INFORMATION GIVEN:
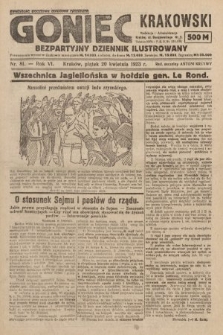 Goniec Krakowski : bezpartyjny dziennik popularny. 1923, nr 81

---

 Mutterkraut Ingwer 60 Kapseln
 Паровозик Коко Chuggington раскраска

* * *

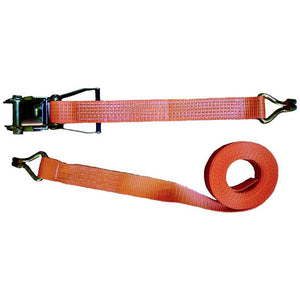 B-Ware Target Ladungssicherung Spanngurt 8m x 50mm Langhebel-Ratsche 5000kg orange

WHAT THE TASK REQUIRES:
Set down, exactly as they appear above, all lines from the one that has "Mutterkraut Ingwer 60 Kapseln" down to the one that has "Паровозик Коко Chuggington раскраска", including those two and no others.

RESPONSE AREA:
 Mutterkraut Ingwer 60 Kapseln
 Паровозик Коко Chuggington раскраска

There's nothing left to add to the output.